Is it a pyrrhic victory, or the first big blow in a new battle? We can't know until we look back at in from the future, but there was one big victory for landlords in the High Court yesterday (Monday 17 May).
The story is that, in 2018, Regis UK proposed a CVA that included rent cuts of up to 100 per cent at some of its 233 shops and concessions. In the view of the NTI newsroom, a 100 per cent rent cut means that the landlord owes their tenant for the cost of the stamp on the envelope containing a letter telling them to stick their rent. The multi-battle scarred landlords hit back and, led by warriors from Hammerson and British Land, launched a legal challenge to the proposal, which they argued treated them unfairly as creditors. And, to be fair, they had a point.
Ultimately, the CVA was terminated when the salon chain, together with their sister company Supercuts, where you can spend money on a haircut quicker than on a cuppa and a bun at Fortnum and Mason, went into Administration in 2019. However, a group of landlords continued to pursue the legal challenge in an attempt to set a precedent for future CVAs by retail companies. They claimed that the restructuring showed material irregularities or (if they lost on that point) was unfairly prejudicial against them in numerous ways, including a 75 per cent discount on landlord votes applied at the creditors’ meeting to approve the CVA.
Mr Justice Zacaroli rejected all but one of the landlords’ arguments. However, the one he liked railed against Edward Williams, a former partner at Grant Thornton who advised on the CVA. His Honour was very unimpressed with Mr Williams, saying that his actions fell below required standards by recommending that International Beauty, which is backed by Regent LP, a Los Angeles-based private equity group, should be treated as a critical creditor and repaid a debt of almost £600,000 in full. It was on this basis that the Arrangement should be revoked in full.
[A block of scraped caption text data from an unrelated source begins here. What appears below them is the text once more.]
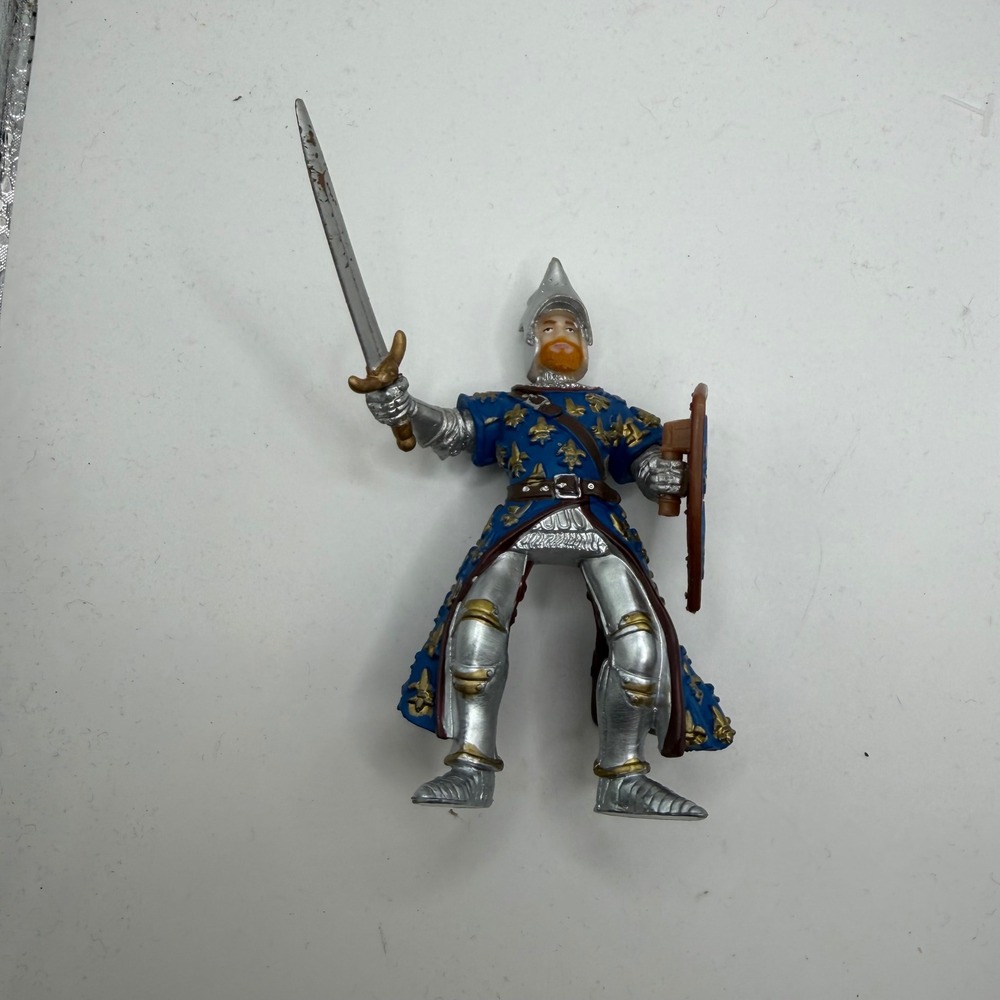 Papo Medieval Knight Blue Fleur-de-Lis Armor Sword Shield Figure 39798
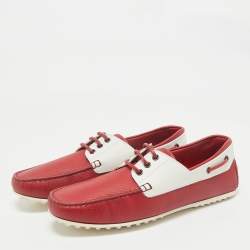 Tod's for Ferrari Two Tone Leather Boat Shoes Size 42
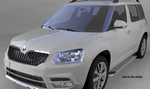 Пороги алюминиевые (Opal) для Skoda Yeti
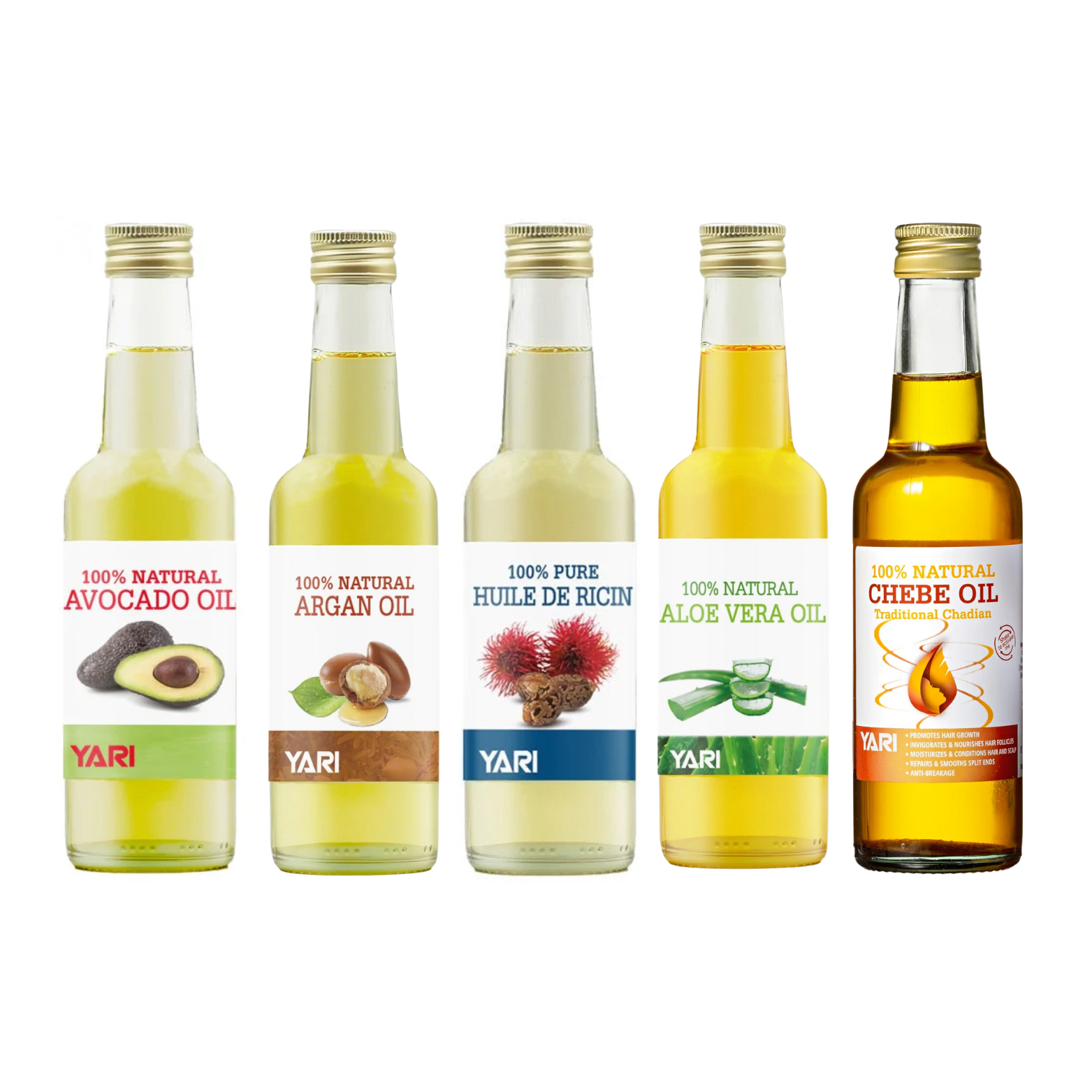 Yari 100% natural oils Set Avocado Oil, Argan Oil, Huile de Ricin (Castor Oil), Aloe Vera Oil, Chebe Oil
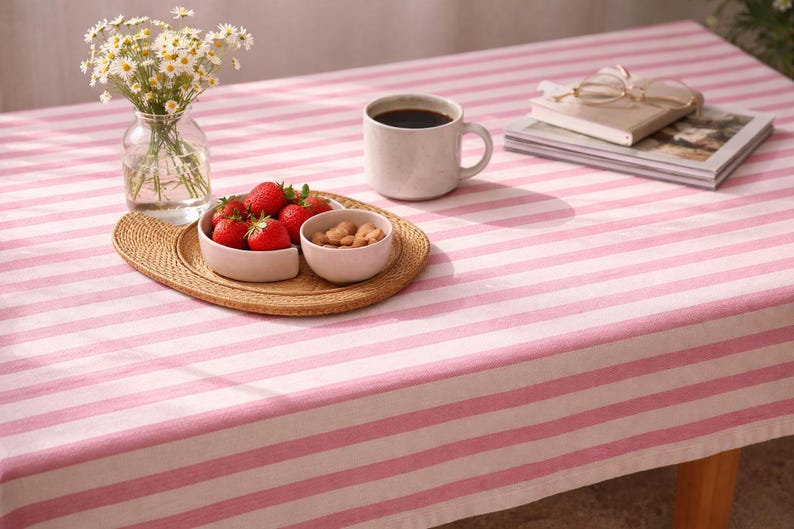 Striped organic linen tablecloth, farmhouse bohemian style dining table decoration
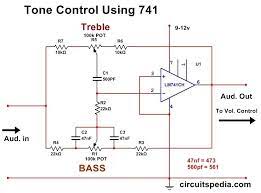 Treble and bass stereo control circuit the 6ca740a is a monolithic integrated circuit for controlling. Bass Treble Tone Control Circuit Using Opamp Audio Tone Control Circuit Circuit Audio Amplifier Electronic Circuit Projects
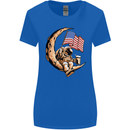 Beer Moon USA Flag Astronaut Space Alcohol Womens Wider Cut T-Shirt Royal Blue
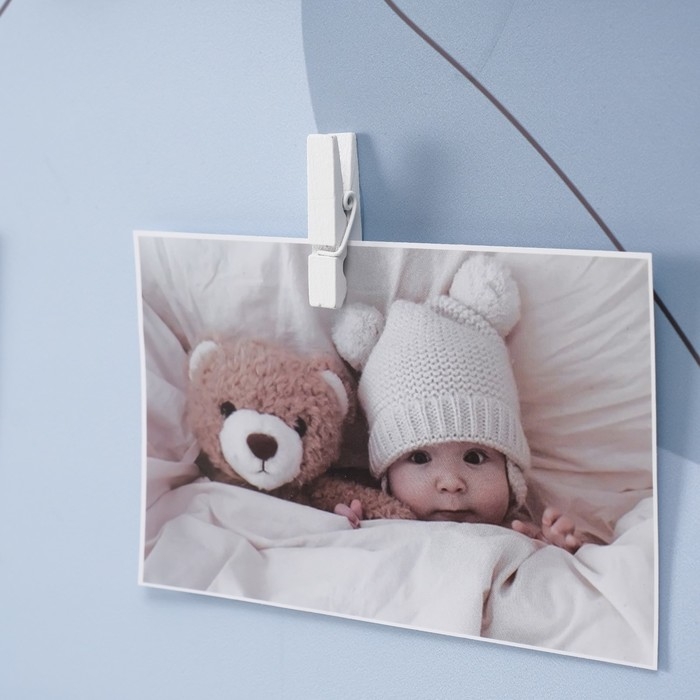 Фоторамка пластик на 5 фото 9х13 см "Дом" с прищепками, чёрная 60х40х2 см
The British Property Federation were in an upbeat mood following the verdict, saying: “Today’s verdict will be very welcome news for property owners up and down the country. CVAs cannot be about hurting property owners to simply increase value for your shareholders, discounts on property owners’ claims must be reasonable and justified and insolvency practitioners have a duty to ensure CVA proposals are fair.”
Giving Grant Thornton a shot at redemption, they countered by saying: "Even though the court has ordered the revocation of the CVA against the company Regis, this long-running claim has ultimately failed as against the former nominees."
So, maybe it is a pyrrhic victory and not a major change of direction in favour of landlords. Would the case have been won, and the CVA been revoked had it not been for the payment back of this major creditor? Maybe not ... but it's a start.